Ces «violations graves» se sont intensifiées dans certaines régions en raison des opérations militaires et d’une «recrudescence des combats» à plusieurs endroits, notamment dans l’État Shan, l’État Kachin et l’État Rakhine, indique le rapport.
Couvrant la période du 1er février 2013 au 30 juin 2017, le rapport n’inclut pas les exactions commises contre les Rohingyas de l’État Rakhine, mais note que les affrontements entre différentes parties continuent de mettre en péril les enfants. Le rapport souligne qu’en dépit des progrès faits par le gouvernement dans la lutte contre le recrutement et l’utilisation d’enfants et la prévention en la matière, «des violations de ce type avaient été commises par les forces armées gouvernementales durant toute la période considérée». Il note que certains de ces enfants, qui ont dû fuir de l’armée, ont été «arrêtés par l’armée ou la police et renvoyés dans leurs bataillons ou arrêtés pour désertion», alors que dans le camp des autres parties armées, le rapport ne fait part que d’un «petit nombre de cas de recrutement et d’utilisation d’enfants».
Le document déplore aussi 76 cas de meurtre et d’atteinte à l’intégrité physique des enfants, et 104 cas de mutilations, en plus de 21 cas de viols, remarquant que ces chiffres restent «inférieurs au nombre de cas réels». L’ONU épingle l’armée birmane aussi pour son refus d’octroyer l’accès humanitaire aux régions touchées par les conflits, ajoutant que ces refus ont «eu des conséquences pour les enfants».
Le secrétaire général appelle le gouvernement notamment à généraliser «l’identification, l’enregistrement et la démobilisation» de tous les enfants servant dans les rangs de l’armée, et à mettre en place des mesures juridiques visant à mieux protéger les enfants des conséquences de la guerre.

Mardi soir, sept manifestants ont été tués et 13 autres blessés lorsque la police a ouvert le feu sur une foule de bouddhistes qui tentait de s'emparer d'un bâtiment officiel en État Rakhine, a indiqué la police birmane mercredi. «Les forces de sécurité ont demandé à la foule de se disperser et ont tiré des coups de semonce dans le ciel avec des balles en caoutchouc. Mais sans effet. Alors la police a tiré à balles réelles pour avertir et disperser les gens», a déclaré Myo Soe, porte-parole de la police birmane.

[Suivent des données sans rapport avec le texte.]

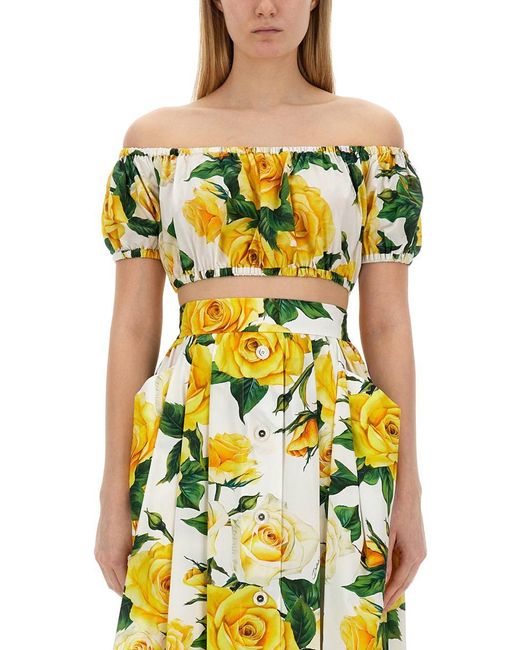 Dolce & Gabbana Yellow Crop Top With Floral Print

«Sept personnes ont été tuées et treize blessées à Mrauk U», a-t-il ajouté, précisant que 20 policiers avaient également été blessés par des jets de pierres.
Mrauk U se situe en État Rakhine, dans l'ouest de la Birmanie, région sous très haute tension depuis l'été dernier et le début d'une campagne de répression de l'armée birmane, qui a poussé plus de 650.000 membres de la minorité musulmane des Rohingyas à fuir au Bangladesh, ce que l'ONU a qualifié d'«épuration ethnique». Cette éruption de violence dans une zone épargnée par les troubles récents contre les Rohingyas, où vivent principalement des bouddhistes, a éclaté quelques heures après la signature par le Bangladesh et la Birmanie d'un accord pour le rapatriement des Rohingyas qui ont fui le pays.